“Hapless Uncle and the Alveoli“
Auntie Joyce had emphysema. When she was ambulanced to Glasgow Royal Infirmary we gathered around her bed come visiting – Uncle Bernie, cousin Tom and me. As she lay there masked and struggling to blow up her lungs, Bernie wanted to but didn’t say all the right things, and had meant to but hadn’t brought all the right things she’d requested – Catherine Cookson, slippers, new pants and nightie secured from Marks and Sparks for events such as this. It wasn’t Bernie’s fault, the man was just prone to forgetfulness and mistake. He was a hapless specimen, a card and a hoot.

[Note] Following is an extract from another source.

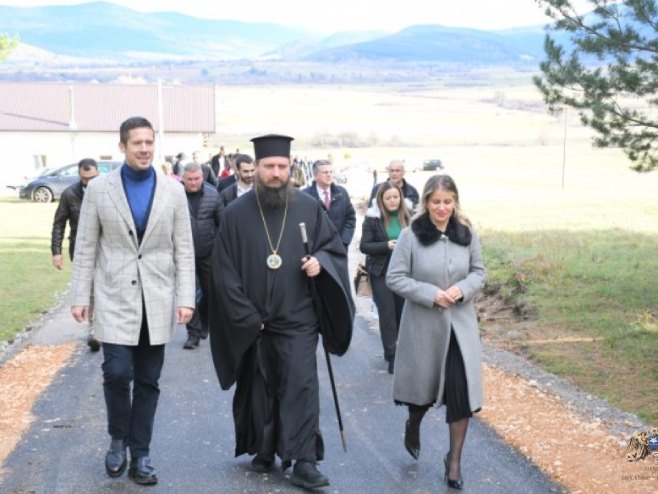 ODLIKOVAN NIKOLA ROKVIĆ: Episkop Sergije blagoslovio novoizgrađeni put u Koluniću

As I perused the notes at the foot of her bed, “Inflation of the Alveoli”, Bernie and Tom kept the woman company, telling her stories and making her gag with laughter. Seeing the tears of a wife of forty years and more, Bernie was suddenly moved and reached over, not to kiss her, that wasn’t their thing, but to disconnect from his emotion and ask what was the pipe connected to the whassaname above her bed? And as he fiddled with said pipe it was it that got disconnected, cutting off the vital oxygen supply to the woman he claimed to love. As it hissed and flapped in the air like a poked viper, Auntie Joyce gasped for breath.
“You’ll have me dead ya bastard!” she wheezed.
“Fix it back on!” exclaimed Tom.
“Nurse!” cried Bernie.
But it was too late, the woman had said her last word, “bastard”, and taken her final breath.
Come the wake, where we feasted on fish paste sandwiches, it was audibly and respectfully agreed this was a tragic death by misadventure. Quietly and respectfully, however, it was posited as murder.